Let’s start with a simple python version of the superhero puzzle
from itertools import permutations
boy1, boy2, boy3 = boys = 'Bryan', 'Tony', 'Sean'
for ages in permutations([6, 8, 10]):
age1, age2, age3 = ages
for heroes in permutations(['superman', 'spiderman', 'batman']):
hero1, hero2, hero3 = heroes
if hero1 != 'spiderman': continue
if hero2 == 'superman': continue
for age, hero in zip(ages, heroes):
if age == 6 and hero != 'spiderman': break
if age == 8 and hero != 'superman': break
else:
print('solved')
print(boy1, age1, hero1)
print(boy2, age2, hero2)
print(boy3, age3, hero3)
> solved
> Bryan 6 spiderman
> Tony 10 batman
> Sean 8 superman
There are definitely a lot of ways to write the code for this puzzle, but this is a straightforward one where we propose a list of boys paired with their favorite hero, and age and then test it against each of the puzzle requirements.
Prolog Version
Here’s the same code using the logic programming language Prolog, which allows you to specify logical constraints and search for parameters that satisfy the equations. This version, like the python version, pairs each boy with a hero and age and then checks to see if the configuration satisfies the constraints.
valid(Name, Age, Hero):-
(Name = bryan -> Hero = spiderman; true),
(Name = tony -> Hero \= superman; true),
(Age = 6 -> Hero = spiderman; true),
(Age = 8 -> Hero = superman; true).
fans(BryanAge, TonyAge, SeanAge, BryanHero, TonyHero, SeanHero) :-
permutation([BryanAge, TonyAge, SeanAge], [6, 8, 10]),
permutation([BryanHero, TonyHero, SeanHero], [spiderman, batman, superman]),
valid(bryan, tony, sean),
valid(BryanAge, TonyAge, SeanAge),
valid(BryanHero, TonyHero, SeanHero).
But this program doesn’t ever realize that Bryan’s hero is Spiderman; it just keeps testing potential solutions, guessing that Tony’s hero is Spiderman or Sean’s hero is Spiderman. As you can imagine, this type of solution can get really bad, but here’s an example
main([A, B, C, D, E, F, G, H, I]):-
permutation(
[A, B, C, D, E, F, G, H, I],
[1, 2, 3, 4, 5, 6, 7, 8, 9]),
B is A + 1,
C is A + 2,
D is A + 3,
E is A + 4,
F is A + 5,
G is A + 6,
H is A + 7,
I is A + 8,
write([A, B, C, D, E, F, G, H, I]).
:- initialization
time(findall([A, B, C, D, E, F, G, H, I],
main([A, B, C, D, E, F, G, H, I]), _)),
halt.
> [1,2,3,4,5,6,7,8,9]
> % 3,005,523 inferences, 0.266 CPU in 0.266 seconds (100% CPU, 11300661 Lips)

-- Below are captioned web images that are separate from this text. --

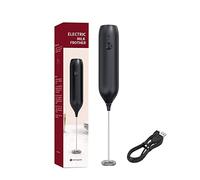 Qwertfeet Mousseur à Lait éLectrique Portatif USB Rechargeable Mini Mousse Maker Boisson MéLangeur Fouet Batteur pour Café Latte Matcha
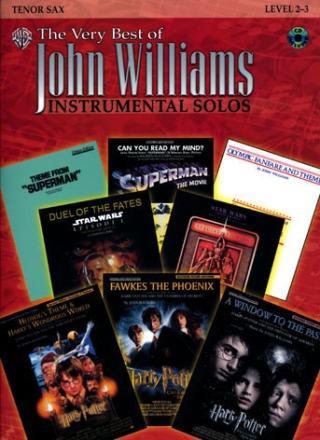 The very best of John Williams (+CD) for tenor sax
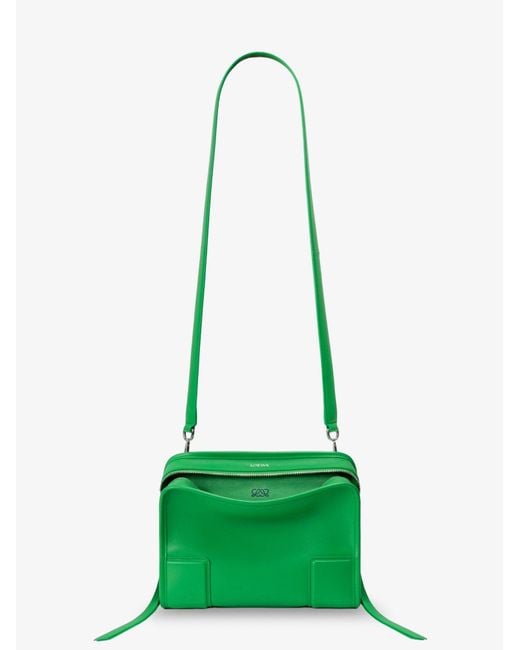 Loewe Green Amazona 180 Leather Handbag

With the first guess as [1, 2, 3, 4, 5, 6, 7, 8, 9]
it’s actually blazingly
fast to find a single solution so instead of randomizing the order or giving it
a worst-possible initial guess to dig itself out of, I’ve asked the program to
find all solutions. Just like you’d expect, prolog tries all of the posible
combinations before determining it can’t find any more solutions so the time
grows like n!
.
Using a little bit of prolog constraint solving magic, this program gets a lot better.
:- use_module(library(clpfd)).
main([A, B, C, D, E, F, G, H, I]):-
Vars = [A, B, C, D, E, F, G, H, I],
Vars ins 1..9,
B #= A + 1,
C #= A + 2,
D #= A + 3,
E #= A + 4,
F #= A + 5,
G #= A + 6,
H #= A + 7,
I #= A + 8,
write([A, B, C, D, E, F, G, H, I]).
:- initialization
time(findall([A, B, C, D, E, F, G, H, I],
main([A, B, C, D, E, F, G, H, I]), _)),
halt.
> [1,2,3,4,5,6,7,8,9]
> % 7,448 inferences, 0.001 CPU in 0.001 seconds (100% CPU, 12511612 Lips)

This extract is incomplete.